İçeriğinde empati, bilgi alışverişi veya ortak eylemler sırasında herhangi bir hedefe ulaşılması olan etkileşimin bir sonucu olarak, mekansal ve zamansal yakınlık koşullarında insanlar arasında kişisel sempati, kayıtsızlık ve düşmanlık ilişkileri ortaya çıkar. Olumlu kişilerarası ilişkiler “ideal” bir liderin oluşturması gereken şeydir. Bunlar, belirli bir takımın her üyesinin mümkün olduğu kadar çok arkadaşa sahip olduğu ve sınıf arkadaşlarının geri kalanıyla karşılıklı sempati, güven ilişkileriyle bağlandığı, ortak faaliyetler sırasında gelişen, sınıftaki öğrenciler arasında istikrarlı ve anlamlı temaslardır. saygının yanı sıra empati duygusu. Eğer bu ilişkiler kurulursa, bu “ideal” lider için büyük bir onurdur.

İyi bir lider, her soruna her zaman ayrıntılı olarak yaklaşır, her şeyi ayrıntılı olarak tartar. Ona yakın "ideal" lider veya öğretmen, ne tür sorunları olursa olsun, öğrencilere her zaman yardım etmeye hazırdır. Tüm isteklere cevap verir, empati kurar, sempati duyar.
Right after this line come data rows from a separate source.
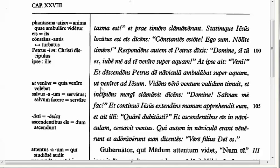What this is called is a purpose clause — the third 'ut' clause we've learned so far. Peter was walking on the water in order to come to Jesus. That's one way you can identify a purpose clause: if you can translate it 'in order to do this' or 'in order that he not do this' — the latter if you had 'ne' instead of 'ut.'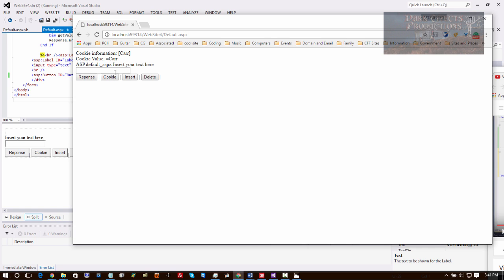So then we're going to come right here and click on the delete, and voila, the cookie has been deleted. Click right here on cookie and there is no information there.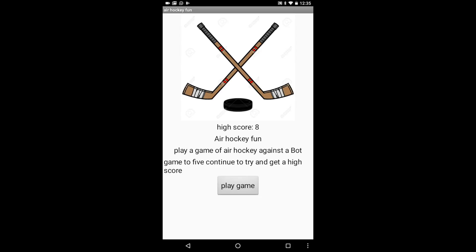Hello, my name is Robbie Espinosa and this is my Air Hockey Final Project for Computer Science. This is Screen 1. At the top I have the name of the app, which is called Air Hockey Fun. Then I have a picture of two hockey sticks and a puck. The text under that reads: High score is 8, Air Hockey Fun. Play a game of Air Hockey against a bot.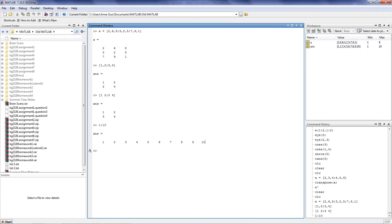By default, the colon operator will always add 1 to your starting number, in this case 1, and will continue until it gets to your ending number, in this case 10.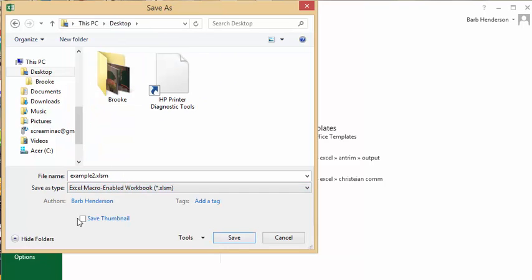So I'm going to change the extension to XLSM and save it to my desktop. Save.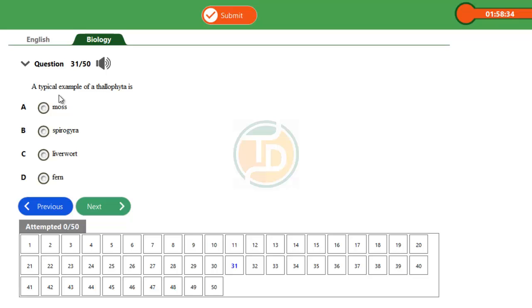You have kingdom Protista, kingdom Monera, kingdom Fungi, kingdom Plantae, and kingdom Animalia. Specifically under kingdom Plantae, you have talophyta, bryophyta, pteridophyta, and spermatophyta.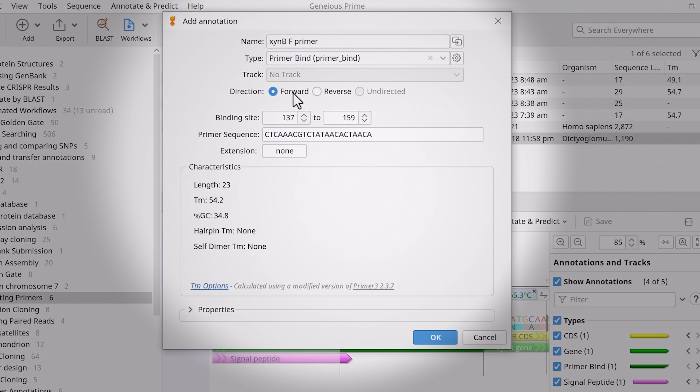give the primer a name and confirm the direction. Below, Genius will indicate the binding site on the sequence and general characteristics of the primer, including the melting temperature and GC content.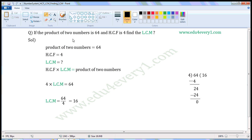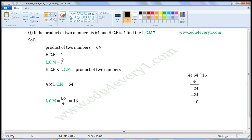If the product of two numbers is 64 and HCF is 4, find the LCM. Given product of two numbers is equal to 64 and HCF is 4, we have to find the LCM.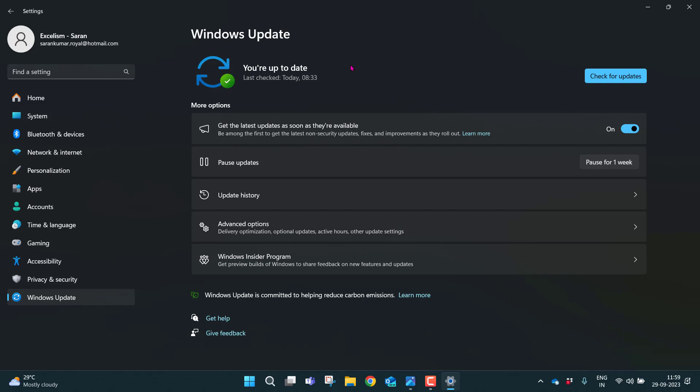If there is an update available, you will see an option here to download. If you are finding any update, I request you to install it. Just click on the button, download and install.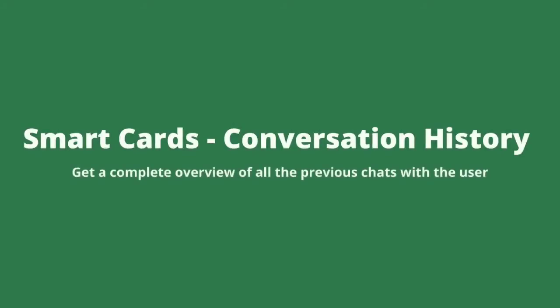Hey, I'm Smita and in this video, I wanted to show you Intraq's Conversation History Smart Card.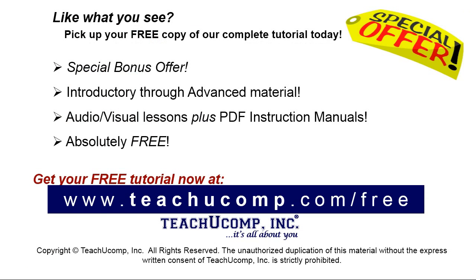Like what you see? Pick up your free copy of the complete tutorial at www.teachucomp.com/free.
DERS No. 16. Eğitim teşhisi

1. Ebeveynler için ipuçları

Ebeveynler, özellikle yaşamın ilk yıllarında bir çocuğun hayatındaki en önemli kişilerdir. Anne-babalar ya çocuğunun doğru yola girmesine yardımcı olabilir ya da çocuğun yetiştirilmesine dikkat etmeyebilir, bu da kötü sonuçlara yol açabilir. Anne-babalar genellikle çocuklarını kendilerini nasıl yetiştirdilerse öyle yetiştirirler. Ebeveynler, bir çocuğun, küçük de olsa, kendi duyguları ve deneyimleri olan bir kişi olduğunu anlamalıdır.

Çocukların çoğu çok yeteneklidir. Ebeveynler çocuklarına dikkat etmeli, yeteneklerini geliştirmeleri için onları doğru çevrelere ve bölümlere göndermelidir.

Çocuklar, ebeveynlerinin onlara karşı tutumunu çok keskin bir şekilde hissederler. Çocuğunuza özen ve hassasiyet göstermeniz gerekir, her şeyden önce onu sevin.

Tabii ki, ebeveynler çocukları için kişisel bir örnek oluşturmalıdır. Bir çocuk annesinin veya babasının bir şey yaptığını gördüğünde ve çok iyi sonuçlandığında, sürece kendisi de dahil olmaya başlar.

Ebeveynler çocuklarına beden eğitiminin çok önemli olduğunu açıklamalıdır. O zaman çocuk sağlıklı olacak (beden eğitimine başlarsa) ve ebeveynler tatmin olacak. Eğitim, mesleki faaliyetlerin başarısı, bir kişinin tüm yaşamı boyunca mutluluğunun kişinin fiziksel durumuna bağlı olduğu bilinmektedir. Vücudun iyileştirilmesi, sağlığı korumak ve güçlendirmek için motor-kas ve sinir sistemlerinin, kasların gelişimini içerir. Bunu çocuğa açıklamak çok önemlidir ve kişisel bir örnek oluşturmak ve çocukla çalışmak daha da iyidir.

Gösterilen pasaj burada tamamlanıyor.